Implicit Neural Representation for Sparse-view Photoacoustic Computed Tomography

TL;DR

This paper introduces an implicit neural representation framework for photoacoustic computed tomography that improves image quality and reduces artifacts in sparse-view imaging by modeling the initial heat distribution as a continuous function.

Contribution

The proposed INR method is the first to use a continuous neural representation for PACT reconstruction, addressing discretization errors and enhancing image fidelity in sparse-view scenarios.

Findings

INR outperforms traditional methods in artifact suppression.

INR preserves image fidelity better in sparse-view conditions.

Simulation and phantom experiments validate the effectiveness of INR.

Abstract

High-quality imaging in photoacoustic computed tomography (PACT) usually requires a high-channel count system for dense spatial sampling around the object to avoid aliasing-related artefacts. To reduce system complexity, various image reconstruction approaches, such as model-based (MB) and deep learning based methods, have been explored to mitigate the artefacts associated with sparse-view acquisition. However, the explored methods formulated the reconstruction problem in a discrete framework, making it prone to measurement errors, discretization errors, and the extend of the ill-poseness of the problem scales with the discretization resolution.

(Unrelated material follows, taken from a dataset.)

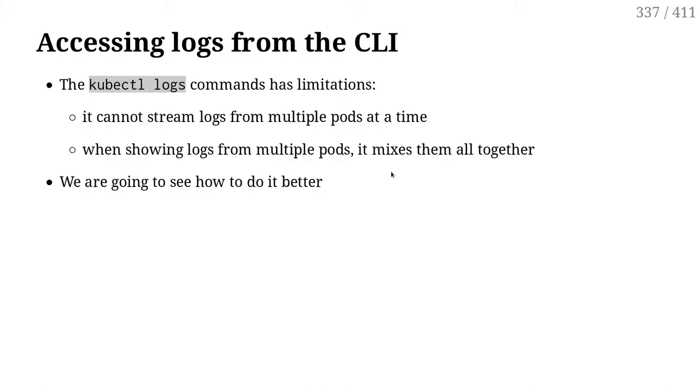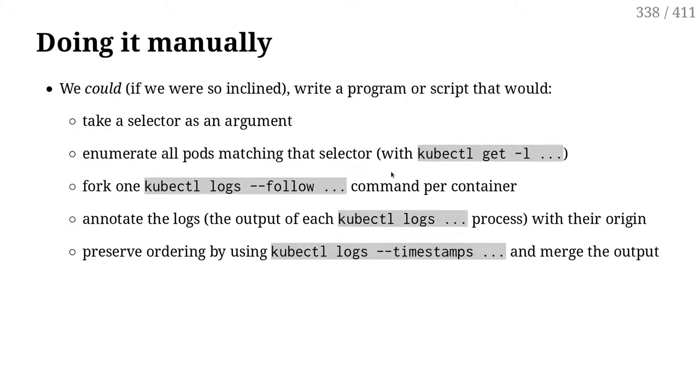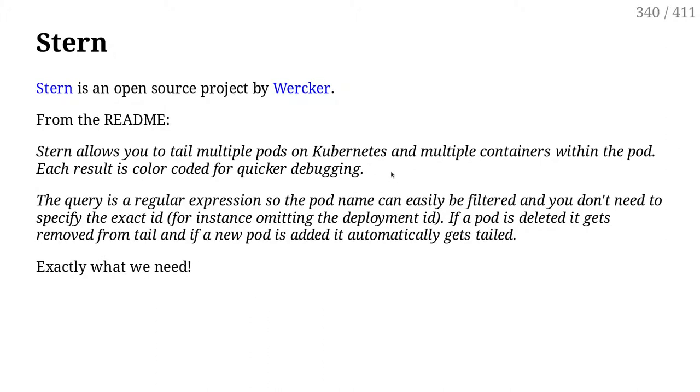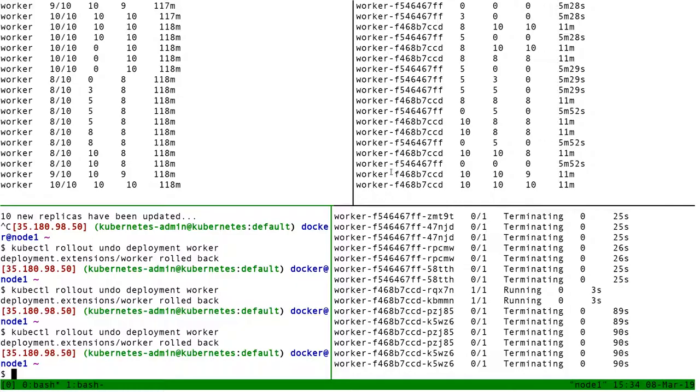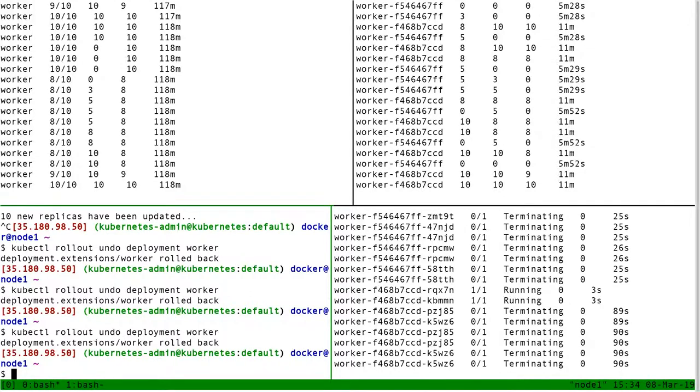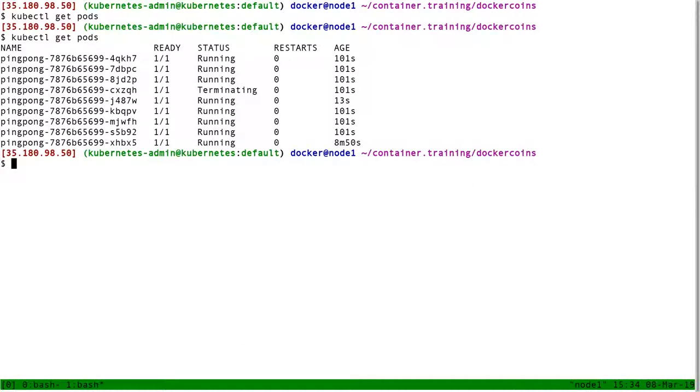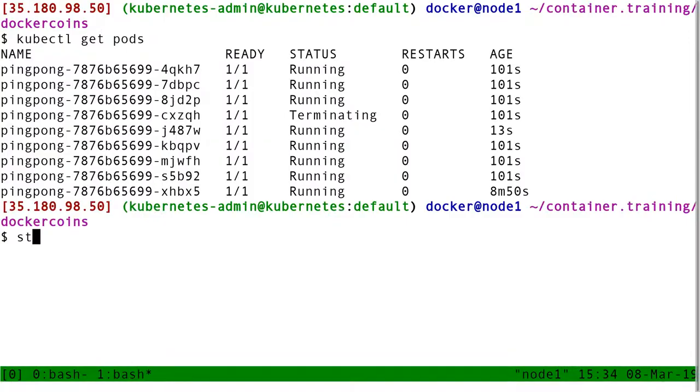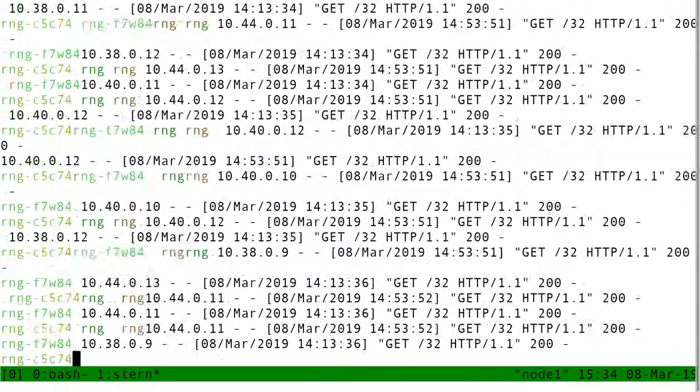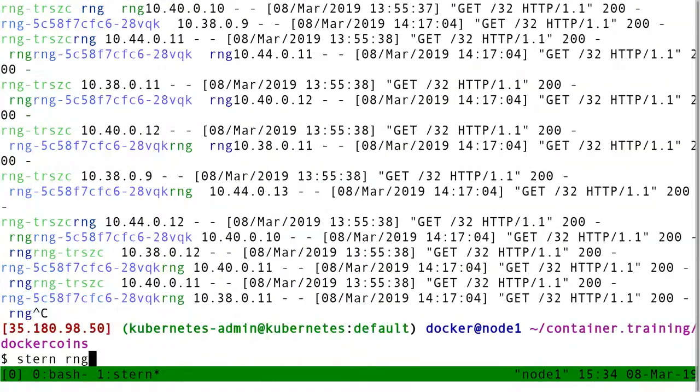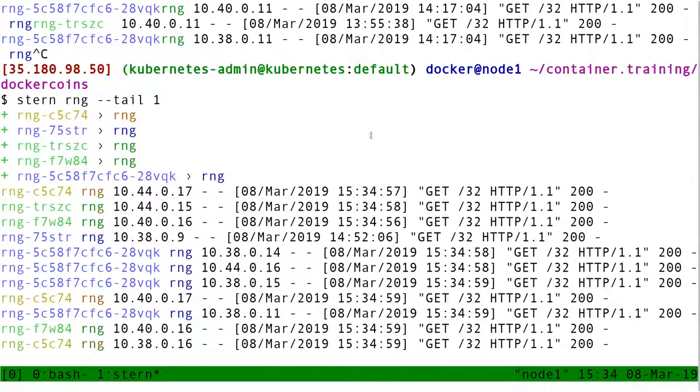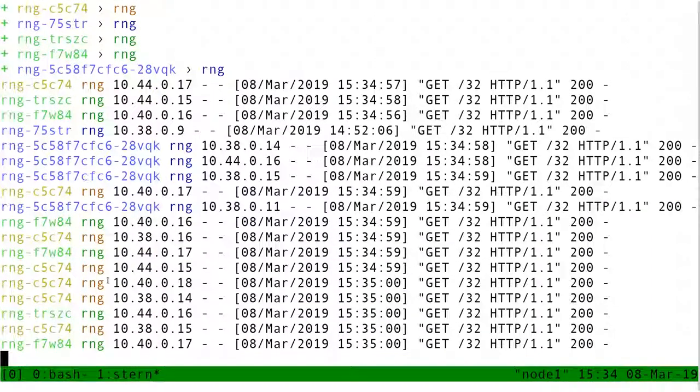So we're going to use an external tool called Stern. Stern is going to connect to the Kube API, get a list of pods, and then stream the logs of all these pods. I used Stern very briefly earlier without explaining it, when I did Stern RNG, because I wanted to see the logs of RNG with the little prefix here.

In this work, an implicit neural representation (INR) framework is proposed for image reconstruction in PACT with ring transducer arrays to address these issues. pecially, the initial heat distribution is represented as a continuous function of spatial coordinates using a multi-layer perceptron (MLP). The weights of the MLP are then determined by a training process in a self-supervised manner, by minimizing the errors between the measured and model predicted PA signals. After training, PA images can be mapped by feeding the coordinates to the network. Simulation and phantom experiments showed that the INR method performed best in preserving image fidelity and in artefacts suppression for the same acquisition condition, compared to universal back-projection and MB methods.